Acting Deputy National secretary All Progressives Congress APC
- Incumbent
- Assumed office June 21st 2020
- Governor: Chibuike Amaechi
- Preceded by: Ken Chikere
- Succeeded by: Emmanuel C. Aguma

Attorney General of Rivers State
- In office 2011–2015

Chairman of the Nigerian Bar Association
- In office 2010–2011

Personal details
- Born: 31 March 1968 (age 58) Rivers State
- Education: Rivers State University of Science and Technology
- Profession: Lawyer

= Worgu Boms =

Nigerian lawyer

Worgu Boms (born 31 March 1968) is a Nigerian lawyer and a former Rivers State Attorney-General and Commissioner of Justice.

==Education==
Boms went to State School Elekahia, Port Harcourt and Government Secondary School, Eneka. He had his tertiary education at the Rivers State University of Science and Technology and received his B.L. certificate from Nigerian Law School.

==Career==
In 1992, he gained entry into the Nigerian Bar and National Youth Service programme. Shortly after, he started practicing with the law firm of Serena David Dokubo & Co in Port Harcourt before founding Worgu Boms Chambers.
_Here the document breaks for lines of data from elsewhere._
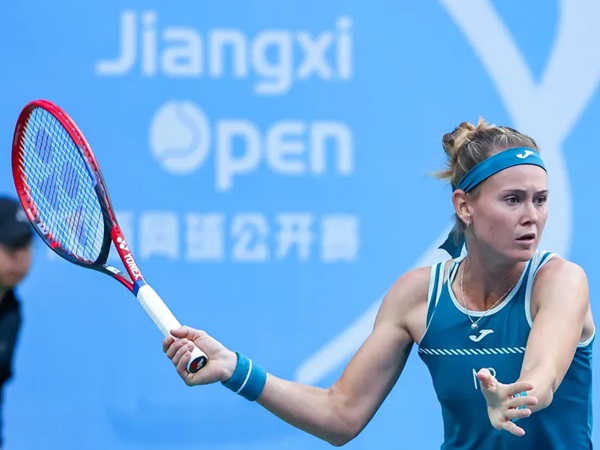 Marie Bouzkova Tunjuk Juara Wimbledon Ini Sebagai Pelatih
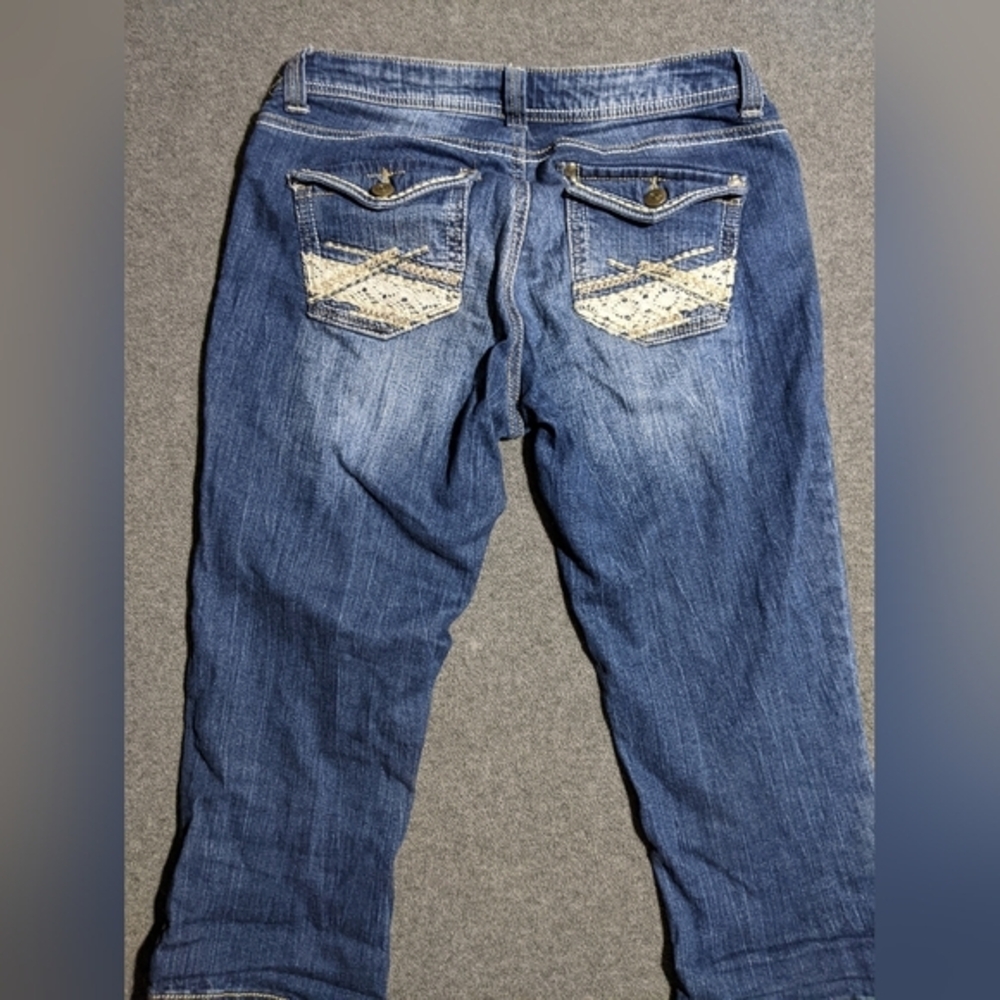 No Boundaries jean capris embroidered pockets size 9 inseam‎ 20“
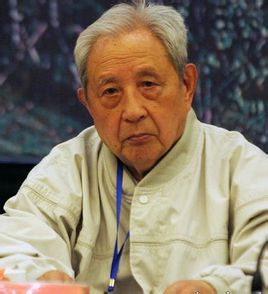 C:\Users\zjw-x270-czy\Desktop\20個(gè)中國(guó)老人-給曉晨姐\袁鷹.jpg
Boms is affiliated with the Nigerian Bar Association and the International Bar Association. He has taken part in Conferences and Workshops in Nigeria and overseas, including the Cambridge International Symposium on Economic Crimes. He has chaired the Port Harcourt branch of the Nigeria Bar Association. In 2011, he was appointed the Attorney-General and Commissioner of Justice in the cabinet of Governor Chibuike Amaechi.